With pictures left out, output word for word the lines from the one containing "3946 Boone Park" through the end of the material below.

* **Data below**
[Start of Attachment]

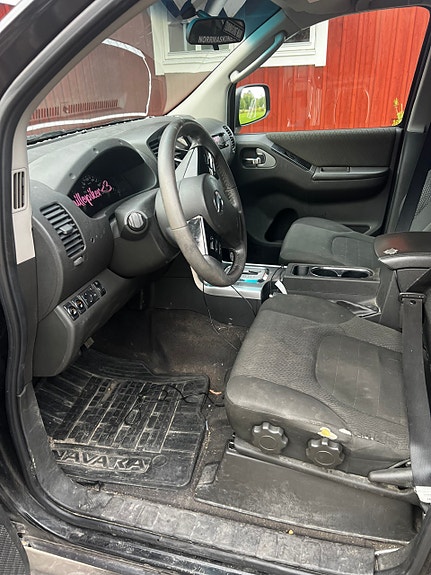 Nissan Navara 2 of 7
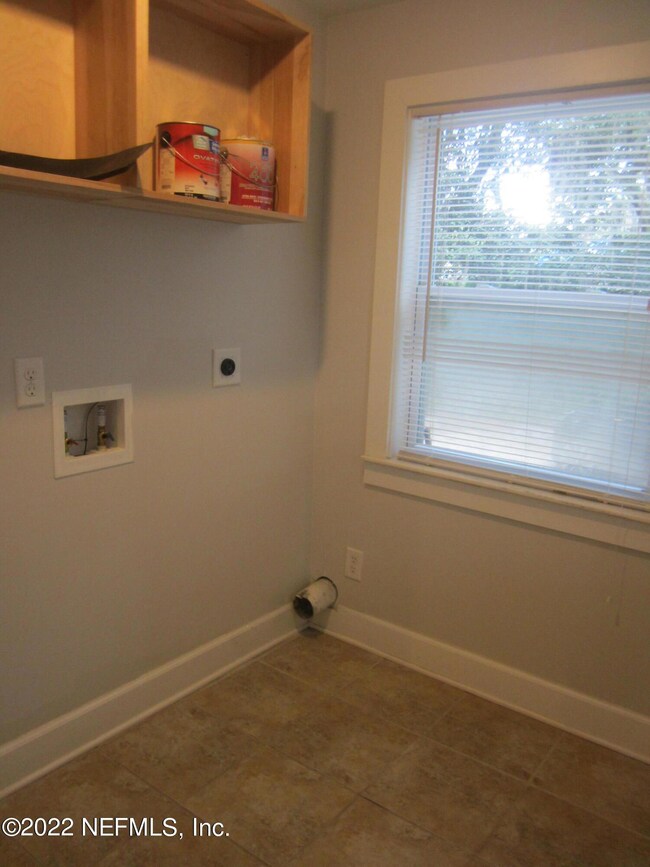 3946 Boone Park Ave, Jacksonville, FL 32205 - photo 6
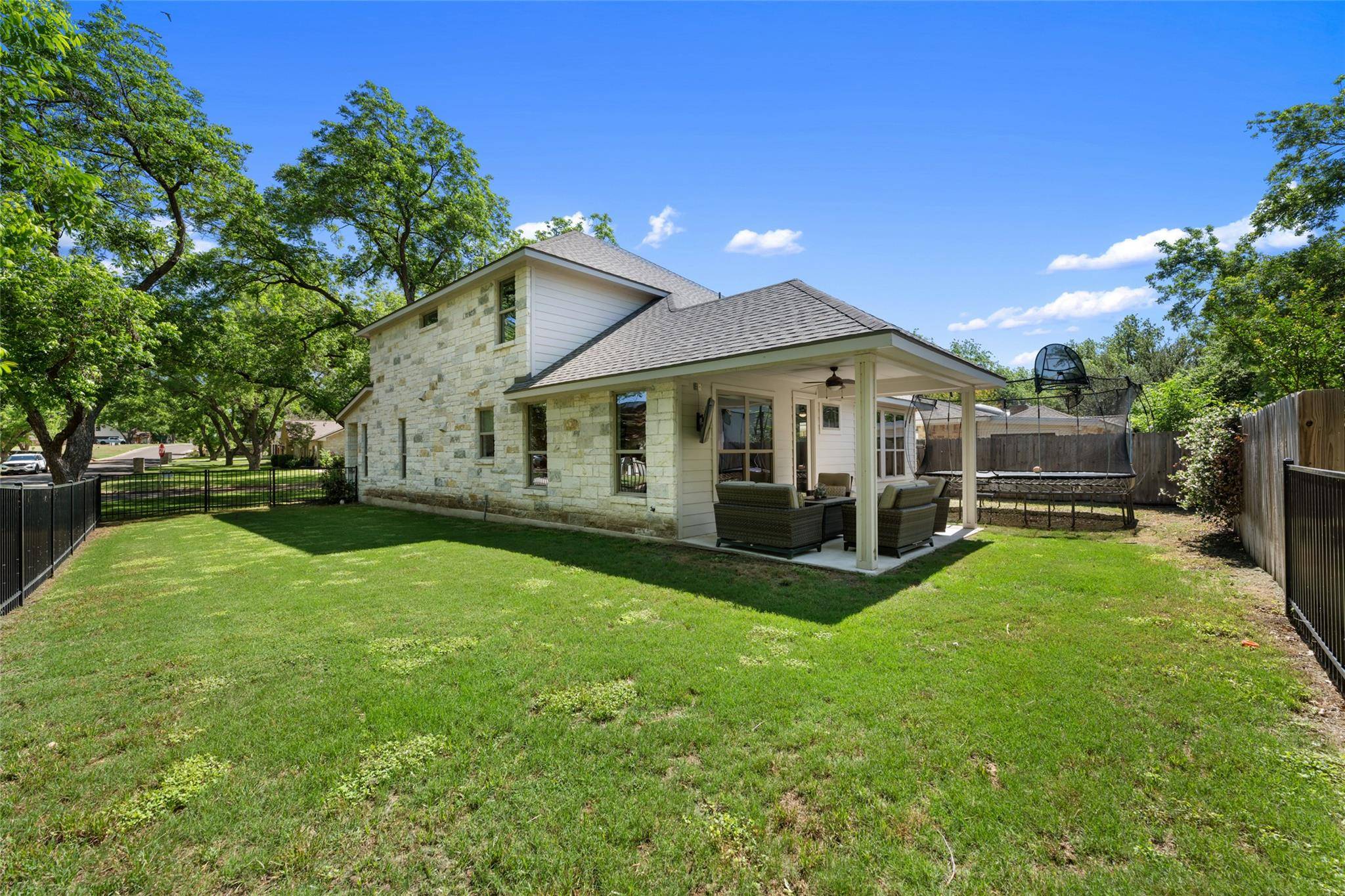 Meadowlakes, TX 78654,417 Wichita ST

[End of Attachment]

* **Output for this exercise**
 3946 Boone Park Ave, Jacksonville, FL 32205 - photo 6
 Meadowlakes, TX 78654,417 Wichita ST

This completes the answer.